さらに、観念においては、本件商標及び引用商標から格別の観念が生じないから、比較することができない。

してみれば、本件商標と引用商標とは、その外観、称呼及び観念のいずれよりみても、何ら相紛れるところはなく、非類似の商標である。

したがって、本件商標は、商標法第4条第1項第11号に該当しないものである。

(2)商標法第4条第1項第15号について

申立人は、アメリカ合衆国で1937年に創業したドーナツチェーン(甲8、甲9、甲10の2、甲14及び甲16)であり、我が国においても2006年から、別掲(4)に代表される引用商標5を自己の業務に係る商品及び役務に使用し、本件商標の出願時及び査定時において、引用商標5が我が国において著名商標となっていたことは、申立人提出のインターネット情報(甲8、甲9、甲10の6、甲12ないし甲15及び甲18)によっても認めることができる。

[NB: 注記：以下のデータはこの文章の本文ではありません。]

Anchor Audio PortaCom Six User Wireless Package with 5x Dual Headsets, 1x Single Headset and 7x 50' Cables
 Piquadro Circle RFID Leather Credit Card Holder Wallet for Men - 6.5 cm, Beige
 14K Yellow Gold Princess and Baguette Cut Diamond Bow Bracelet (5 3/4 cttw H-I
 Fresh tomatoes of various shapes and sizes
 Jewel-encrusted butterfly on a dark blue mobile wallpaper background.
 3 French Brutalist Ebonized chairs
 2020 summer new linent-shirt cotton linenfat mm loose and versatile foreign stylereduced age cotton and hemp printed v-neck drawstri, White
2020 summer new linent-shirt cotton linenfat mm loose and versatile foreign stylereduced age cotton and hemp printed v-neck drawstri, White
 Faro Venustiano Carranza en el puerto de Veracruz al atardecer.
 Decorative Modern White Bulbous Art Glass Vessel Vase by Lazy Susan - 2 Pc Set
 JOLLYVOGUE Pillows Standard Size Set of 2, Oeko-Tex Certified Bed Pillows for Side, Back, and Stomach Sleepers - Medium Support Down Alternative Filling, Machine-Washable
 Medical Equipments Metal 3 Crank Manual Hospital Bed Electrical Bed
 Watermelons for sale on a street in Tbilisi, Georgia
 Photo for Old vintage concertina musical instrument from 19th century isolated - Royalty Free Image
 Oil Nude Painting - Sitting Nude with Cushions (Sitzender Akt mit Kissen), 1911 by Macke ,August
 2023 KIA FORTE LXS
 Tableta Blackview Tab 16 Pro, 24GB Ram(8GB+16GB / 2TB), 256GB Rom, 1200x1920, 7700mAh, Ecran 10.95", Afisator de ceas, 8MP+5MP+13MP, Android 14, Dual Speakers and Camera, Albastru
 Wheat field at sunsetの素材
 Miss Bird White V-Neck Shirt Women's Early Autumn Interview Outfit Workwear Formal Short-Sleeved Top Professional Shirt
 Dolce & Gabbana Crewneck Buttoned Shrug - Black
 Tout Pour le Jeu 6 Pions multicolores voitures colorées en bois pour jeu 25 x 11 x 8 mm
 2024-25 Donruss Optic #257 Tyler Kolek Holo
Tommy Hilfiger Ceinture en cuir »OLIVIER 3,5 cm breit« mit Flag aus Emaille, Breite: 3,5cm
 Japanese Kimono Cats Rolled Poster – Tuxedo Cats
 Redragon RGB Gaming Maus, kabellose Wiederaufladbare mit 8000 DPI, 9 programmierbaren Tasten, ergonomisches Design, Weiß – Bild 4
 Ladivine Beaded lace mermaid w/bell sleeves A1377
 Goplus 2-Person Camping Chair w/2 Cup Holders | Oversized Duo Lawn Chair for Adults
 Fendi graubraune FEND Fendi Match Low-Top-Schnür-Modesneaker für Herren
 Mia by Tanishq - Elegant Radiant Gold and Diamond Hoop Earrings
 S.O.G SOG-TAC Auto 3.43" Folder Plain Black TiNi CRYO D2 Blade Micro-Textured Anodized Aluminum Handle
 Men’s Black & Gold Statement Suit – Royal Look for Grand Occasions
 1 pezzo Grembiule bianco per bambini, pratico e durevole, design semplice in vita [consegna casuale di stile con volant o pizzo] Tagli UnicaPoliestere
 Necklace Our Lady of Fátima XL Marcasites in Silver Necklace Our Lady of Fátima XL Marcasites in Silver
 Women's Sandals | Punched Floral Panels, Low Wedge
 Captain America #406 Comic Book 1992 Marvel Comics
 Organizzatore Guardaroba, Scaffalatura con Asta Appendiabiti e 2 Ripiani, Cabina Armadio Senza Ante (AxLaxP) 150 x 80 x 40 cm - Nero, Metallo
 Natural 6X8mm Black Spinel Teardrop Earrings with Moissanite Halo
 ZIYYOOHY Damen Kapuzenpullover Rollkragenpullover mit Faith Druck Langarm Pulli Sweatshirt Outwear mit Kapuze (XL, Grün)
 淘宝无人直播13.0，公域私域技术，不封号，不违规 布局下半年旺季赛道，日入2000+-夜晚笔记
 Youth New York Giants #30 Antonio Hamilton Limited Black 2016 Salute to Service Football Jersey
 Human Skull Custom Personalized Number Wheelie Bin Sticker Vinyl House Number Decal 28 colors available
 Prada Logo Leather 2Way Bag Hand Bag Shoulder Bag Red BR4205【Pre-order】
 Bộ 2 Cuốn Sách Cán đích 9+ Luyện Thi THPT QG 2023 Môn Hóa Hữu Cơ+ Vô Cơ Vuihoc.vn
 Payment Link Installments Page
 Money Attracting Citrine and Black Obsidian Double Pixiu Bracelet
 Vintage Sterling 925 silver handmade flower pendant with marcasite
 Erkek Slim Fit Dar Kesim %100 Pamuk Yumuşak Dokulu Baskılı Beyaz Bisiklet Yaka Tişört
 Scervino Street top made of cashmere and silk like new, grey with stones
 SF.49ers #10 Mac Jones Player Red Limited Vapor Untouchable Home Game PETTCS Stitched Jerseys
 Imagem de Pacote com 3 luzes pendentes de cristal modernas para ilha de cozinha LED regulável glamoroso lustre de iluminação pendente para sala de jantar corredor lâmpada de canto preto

しかしながら、本件商標は、前記(1)認定のとおり、引用商標とは、何ら相紛れるところのない、非類似の商標であって、別異の商標であるから、これをその指定商品及び指定役務について使用しても、これに接する取引者、需要者をして、引用商標を連想又は想起させるとはいえないものであって、申立人又は申立人と経済的、組織的に何らかの関係にある者の業務に係る商品であるかのごとく、商品の出所について混同を生ずるおそれはないものといわざるを得ない。

したがって、本件商標は、商標法第4条第1項第15号にも該当しないものである。

(3)むすび

以上のとおり、本件商標の登録は、商標法第4条第1項第11号及び同第15号に違反してされたものでないから、同法第43条の3第4項の規定により、維持すべきものである。

よって、結論のとおり決定する。